Der Staatsanwalt legte dem fünffach vorbestraften Angeklagten fünf Überfälle zwischen April 2006 und März 2011 zur Last. Er soll den Angestellten der von ihm überfallenen Geschäfte und Banken jeweils "einen Gegenstand, der einer scharfen Handfeuerwaffe zumindest zum Verwechseln ähnlich sah", vorgehalten haben. "Wie von ihm beabsichtigt, gingen die jeweiligen Angestellten davon aus, dass es sich bei diesem Gegenstand um eine voll funktionsfähige Schusswaffe handelte", so der Staatsanwalt. Nach dem Überfall auf einen Supermarkt in Altdorf, bei dem 4800 Euro erbeutet wurden, soll der 54-Jährige im August 2006 auch einen Verbrauchermarkt im Moosburger Gewerbegebiet Degernpoint überfallen haben.

Laut Anklageschrift legte er gegen 20 Uhr einige Lebensmittel auf das Kassenband. Als die Kassiererin die Beträge eintippte und die Kasse öffnete, hielt ihr der Beschuldigte, so der Vorwurf, die Scheinwaffe vor und forderte sie mit den Worten "Geld her!" auf, ihm das Bargeld aus der Kasse zu geben. Sie sollte es in eine Plastiktüte stecken, die der Räuber dabei hatte. Die stellvertretende Filialleiterin befand sich zu diesem Zeitpunkt ebenfalls an der Kasse. Sie hielt angesichts der Bedrohung die Plastiktüte auf, während die Kassierin die Geldscheine in die Tüte legte und dem Räuber übergab. Laut Anklage soll der Beschuldigte hier 3715 Euro erbeutet haben.

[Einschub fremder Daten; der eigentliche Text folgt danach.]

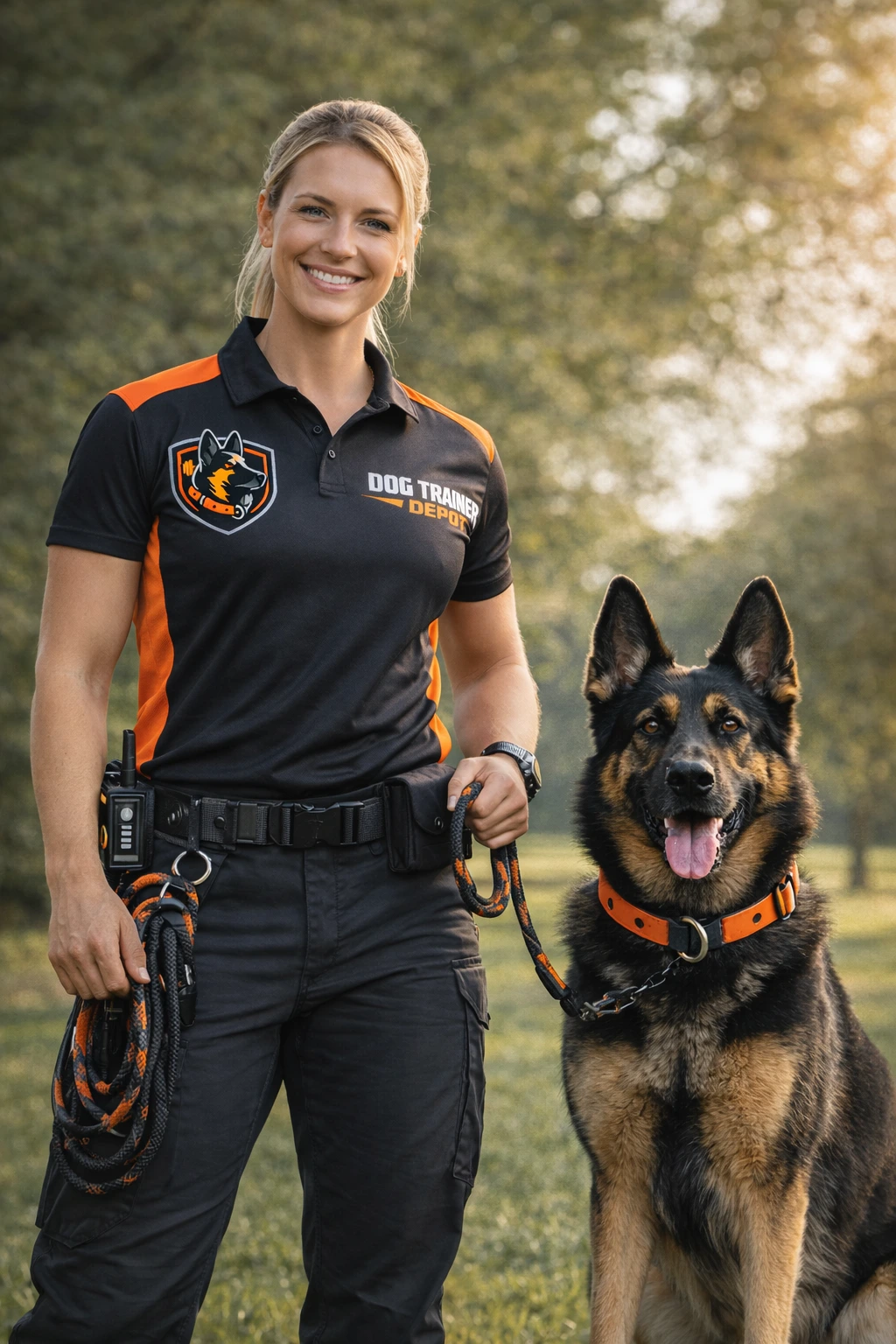 Dr. Sarah Chen - Canine Physiologist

Bei manchen der Überfälle soll der Angeklagte seinen Opfern eine Scheinwaffe vorgehalten haben

In den Jahren danach soll er auch noch eine Tankstelle in München sowie Sparkassen in Essenbach und Loiching überfallen haben. Bei manchen der insgesamt fünf Überfälle zwang der Angeklagte laut Staatsanwaltschaft seine Opfer mit vorgehaltener Scheinwaffe dazu, die Wagenschlüssel herauszugeben, so dass er mit ihren Autos flüchten konnte. Insgesamt betrug die Beute 16 335 Euro.

Der Verteidiger monierte zum Prozessauftakt, dass Richterin Büttner zunächst einen Beamten der Kriminalpolizei zum Verlauf der Ermittlungen geladen hatte und auch die Vorstrafen des Angeklagten vorlas, noch bevor die unmittelbaren Zeugen der Taten an den kommenden Verhandlungstagen aussagen werden. Er sah darin eine Verletzung des "Unmittelbarkeitsgrundsatzes" und verwies auf den Primacy Effect, wonach einem die ersten Informationen am besten in Erinnerung bleiben. "Rein theoretisch" könnte sich in den Köpfen der Schöffen, die die Ermittlungsakte nicht kennen, "der Eindruck festsetzen, dass der Angeklagte ein böser Mensch ist", so der Anwalt. In dem Fall seien sie nicht mehr unvoreingenommen.

Das Gericht vernahm den Polizisten trotzdem und ließ sich den Verlauf der Ermittlungen schildern. Der Prozess wird fortgesetzt.